Tincknell, an entrepreneur who left school at 16 to work on a building site, pronounced himself "motivated, confident and excited" about the company's prospects at that fateful April presentation. But now, The Sunday Times reports, he and Davies may face questions from the Financial Services Authority about the company's statements to the stock market. So, too, will Connaught's auditor, PricewaterhouseCoopers, which can also look forward to scrutiny from the U.K. accounting watchdog.
A raft of questions has emerged. Were the margins that Connaught, of Exeter, habitually built into its bids for local government contracts unfeasibly low? Was it legitimate for the company to capitalize its bid costs?
Connaught's plight raises bigger questions about governance and risk, not just at one badly managed, provincial company that had grown too fast by acquisition and happened to employ 10,000 people, but in U.K. plc in general. Two years ago, the global banking crisis showed up the huge flaws in corporate governance systems at the nation's biggest companies: the inability of poorly qualified nonexecutive board members to stand up to egomaniacal executives, or identify risk; the qualifications of the CEOs themselves; and the behavior of the accountants and auditors hired to advise them.
News in the past couple of weeks that Barclays plc has appointed its head of investment banking, Bob Diamond Jr., as the next CEO has infuriated proponents of separating "utility" banking for retail and commercial customers from the "casino" investment banks. At the same time, state-owned Royal Bank of Scotland Group plc has won both plaudits and brickbats for launching its first issue of mortgage-backed securities since the start of the crisis. So if the very institutions that got us into this mess in the first place are returning to business as usual, what can we possibly hope to achieve at second-tier companies like Connaught?

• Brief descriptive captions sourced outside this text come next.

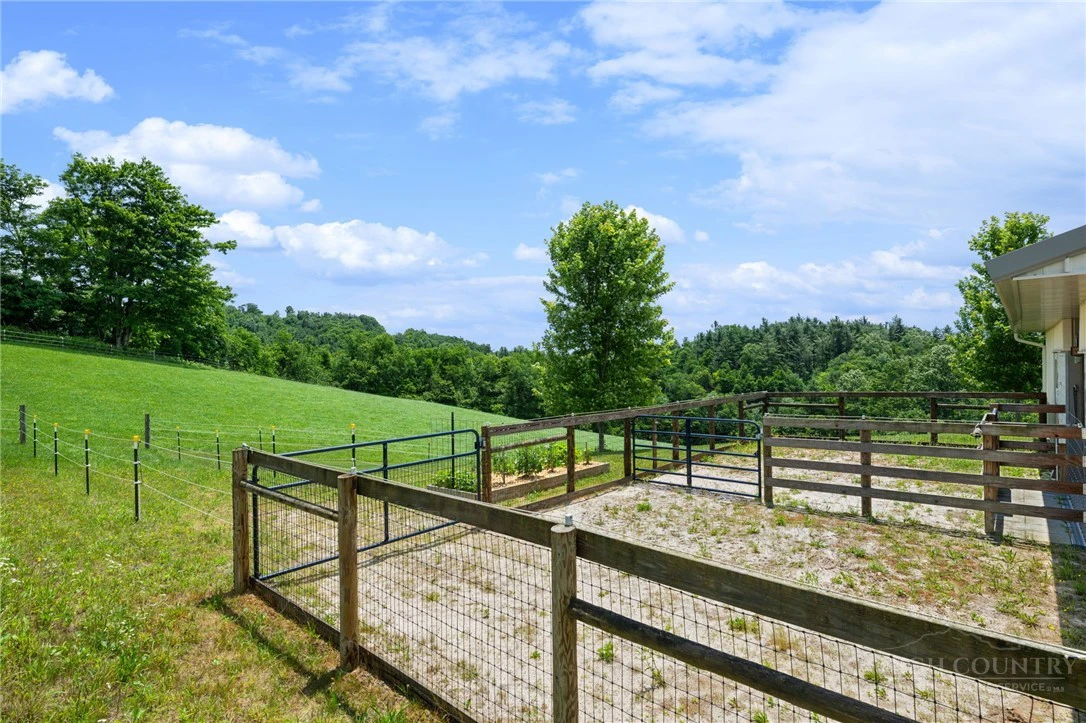 Image number 16 for the current listing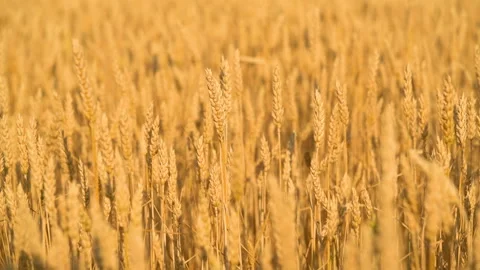 Ears of golden wheat close up. Stock Footage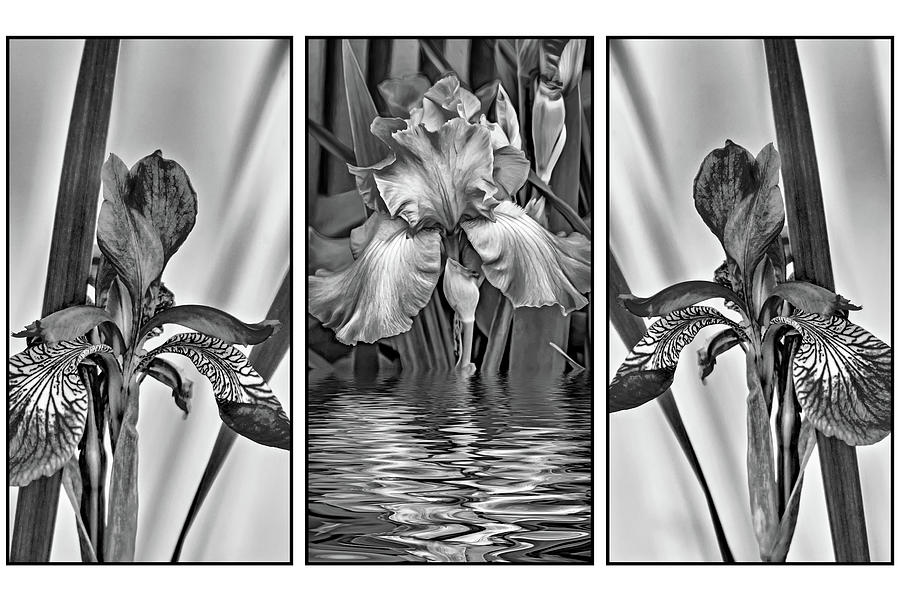 Blue Iris Triptych bw Photograph by Steve Harrington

Tincknell, to be sure, may be a man more sinned against than sinning. When his business got too big for him to handle, he brought in qualified people. The lawyers, accountants and former company executives on his nonexecutive roster all seem to have had the right experience for the job.
Yet criticism this month of the Big Four accounting firms by the Financial Reporting Council shows just how much still remains to be done. KPMG was reportedly rapped on the knuckles for signing off on audits before the work was completed, while all four were told to do more to avoid conflicts of interest and take management claims with a bigger pinch of salt.
Perhaps a little more salt at Connaught might have saved a good company from its own mistakes.